• [Required work]:
Write out exactly the lines running from the line that includes "Repair Cost Checking" to the end of the data, both ends included, and nothing besides.

• [Entries provided]:
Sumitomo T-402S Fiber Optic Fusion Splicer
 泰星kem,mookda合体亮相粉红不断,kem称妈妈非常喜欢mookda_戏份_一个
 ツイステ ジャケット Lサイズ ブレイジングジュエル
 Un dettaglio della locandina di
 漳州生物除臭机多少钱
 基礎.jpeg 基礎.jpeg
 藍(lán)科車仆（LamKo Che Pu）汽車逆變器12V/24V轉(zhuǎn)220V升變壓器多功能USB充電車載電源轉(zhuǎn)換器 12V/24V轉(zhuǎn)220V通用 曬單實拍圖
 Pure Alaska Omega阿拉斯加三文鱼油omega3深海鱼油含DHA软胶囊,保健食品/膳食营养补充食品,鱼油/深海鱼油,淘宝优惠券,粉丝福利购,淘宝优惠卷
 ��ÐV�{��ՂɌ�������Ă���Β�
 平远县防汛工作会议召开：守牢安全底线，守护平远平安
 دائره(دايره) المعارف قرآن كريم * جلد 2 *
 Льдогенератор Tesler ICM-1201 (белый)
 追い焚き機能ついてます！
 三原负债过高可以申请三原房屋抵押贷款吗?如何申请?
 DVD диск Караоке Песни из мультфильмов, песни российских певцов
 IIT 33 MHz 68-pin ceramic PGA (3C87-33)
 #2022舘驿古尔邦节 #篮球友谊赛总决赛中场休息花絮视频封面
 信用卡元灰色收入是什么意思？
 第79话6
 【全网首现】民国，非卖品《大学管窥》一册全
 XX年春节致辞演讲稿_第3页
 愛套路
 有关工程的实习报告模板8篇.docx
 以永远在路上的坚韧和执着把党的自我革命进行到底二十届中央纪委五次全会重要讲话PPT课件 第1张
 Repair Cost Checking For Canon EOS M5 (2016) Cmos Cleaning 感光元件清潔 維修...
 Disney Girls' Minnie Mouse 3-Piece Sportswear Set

• [Solution for this exercise]:
 Repair Cost Checking For Canon EOS M5 (2016) Cmos Cleaning 感光元件清潔 維修...
 Disney Girls' Minnie Mouse 3-Piece Sportswear Set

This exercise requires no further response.